The raw incidences of CML in all countries, stratified by sex and age, are shown in Table 4 and Figure 1. For both sexes, the yearly incidence rose from a minimum of 0.39 new cases per 100 000 inhabitants (0.47 in males and 0.29 in females) in very young adults (20–29 years old) to a maximum of 1.52 (2.08 in males and 1.18 in females) in senior adults of 70 years and more. The incidence was always higher in males than in females in any age group. The standardized incidence in all countries was 1.10 for males and 0.82 for females.
The raw and the standardized incidences are reported country-wise in Table 1. The raw incidences ranged from 0.69 in Poland to 1.39 in Italy. The standardized incidences ranged from 0.70 in Poland, the UK and Austria to 1.28 in Italy. Standardized and raw incidences were always higher in males than in females, with the exception of France regarding standardized incidence and France and Finland for the raw incidences. In both countries, however, data were collected in small regions. A particular regional clustering of high or low incidences could not be seen.

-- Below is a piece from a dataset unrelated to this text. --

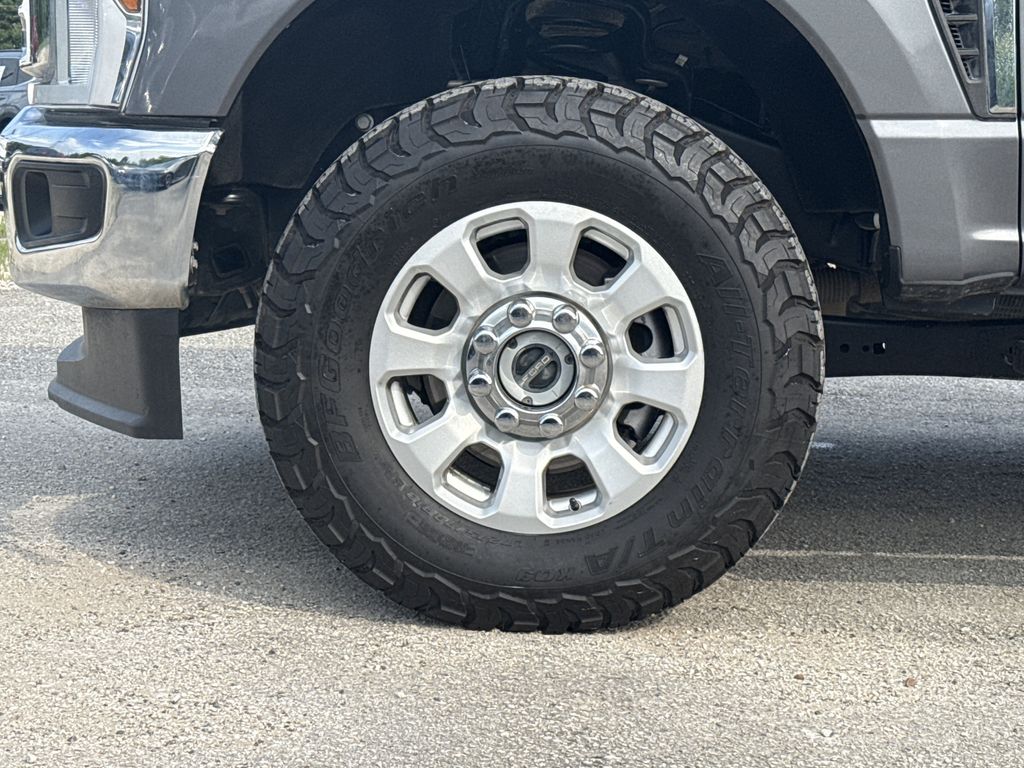 2024 Ford F-250SD XLT - 8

To our knowledge our study is the first one that covered many European countries and searched for incident adult cases of CML using a uniform approach and highly standardized definitions. The raw incidence in the 20 participating countries varied between 0.69–1.39/100 000/year, the male-to-female ratio was 1.16:1, and the median age was 55 years. About 95% of the patients were diagnosed in CP CML. There was no hint for a particular regional pattern of the CML-incidences.
This study has got two characteristics that may have led to underreporting, namely the registration through clinical institutions and the short registration period. Registering through clinical institutions, was intended as clinical and outcome data were collected additionally. But clinical institutions are not always trained in epidemiological surveys and at least some patients may have escaped their attention for various reasons. Luckily, in Sweden, the registration of all new cases of CML was already statutory,22 so that Swedish data provided a sort of completeness control for the data of all the other countries. Comparing the Swedish incidences with the incidences of the EUTOS registry distinct differences are only notable in the very senior male population, where the sample size was rather small (Figure 1).

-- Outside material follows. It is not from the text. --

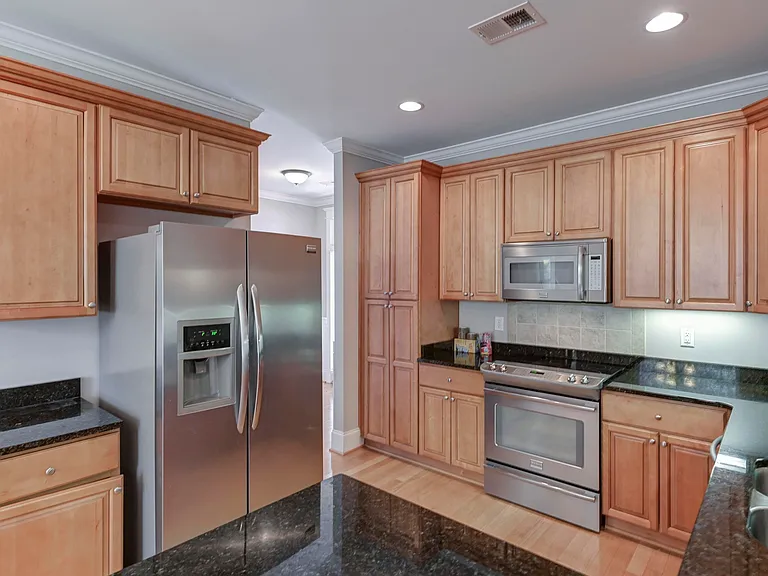 33 Heather Laurel Rd — Photo 4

Different health care and reimbursement systems which may result in different health care seeking behaviors and diagnostic ambition were beyond of the scope and the control of our study. Taken together, due to these biases, some cases of CML may have been missed in particular in the higher age groups. Thus all the reported figures must be considered an approximate, and a minimum, estimate of the true CML incidence. Moreover, caution in the evaluation of the differences between countries is advised, in particular when countries with different socio-economic profiles are compared. With these limitations, the EUTOS study is unique as it provides the current baseline characteristics of a large number of newly diagnosed, Ph+, BCR-ABL1+, patients, for many countries.

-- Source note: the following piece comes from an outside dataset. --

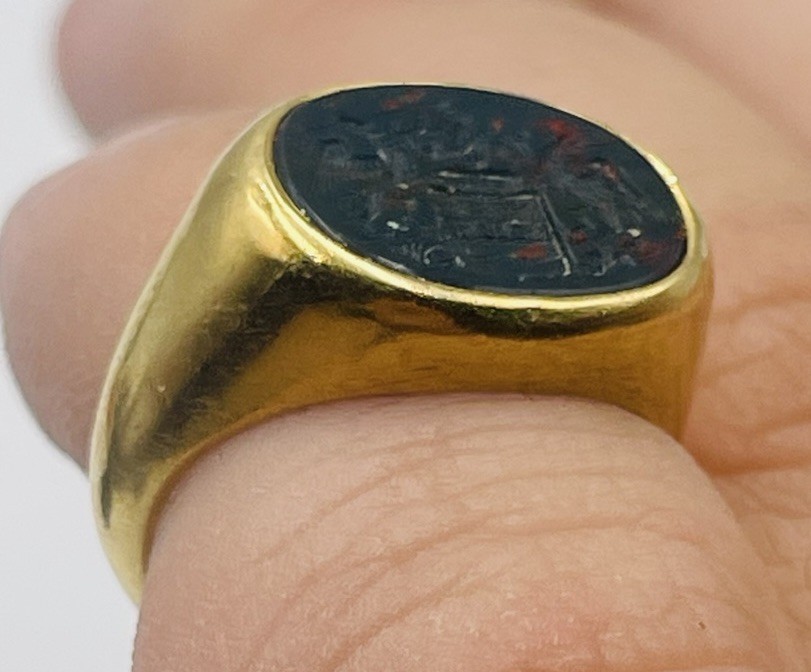 Antique French 18k Yellow Gold Bloodstone Crest Signet Ring Size 4.75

The size of the sample, accounting for about 1/5 of European inhabitants in that age group, should provide sufficiently representative and reliable estimates. The identification of the disease by molecular or cytogenetic methods was planned to avoid confusion with Ph− chronic myeloproliferative neoplasms, with chronic myelomonocytic leukemia, and with some cases of myelodysplastic syndrome. Thus this requirement is a strong point of our study as it guarantees for valid diagnoses. The importance of cytogenetic and molecular definition of diagnosis is underscored by US SEER data, reporting a very high incidence, particularly in the elderly, of newly diagnosed cases without cytogenetic or molecular confirmation, versus a surprisingly low incidence of cases with confirmed BCR-ABL1+ leukemia (Figure 1).
The first interesting finding is the proportion of patients with a diagnosis in accelerated phase and in BC. They are a minority, but they account for more than 5% of all cases. Moreover, in patients presenting in CP, the frequency of other chromosome abnormalities, either variant translocations or clonal chromosome abnormalities in Ph+ cells, was slightly higher than 10% overall, and some clonal chromosome abnormalities in Ph+ cells have been shown to be prognostically relevant.26, 27 Another interesting finding was the frequency of splenomegaly. In textbooks, CML is described as a disease characterized by splenomegaly, with some emphasis on the big volume of the spleen. Nowadays, in about 50% of newly diagnosed patients, the spleen is not even palpable, and only in about 15% the spleen is large.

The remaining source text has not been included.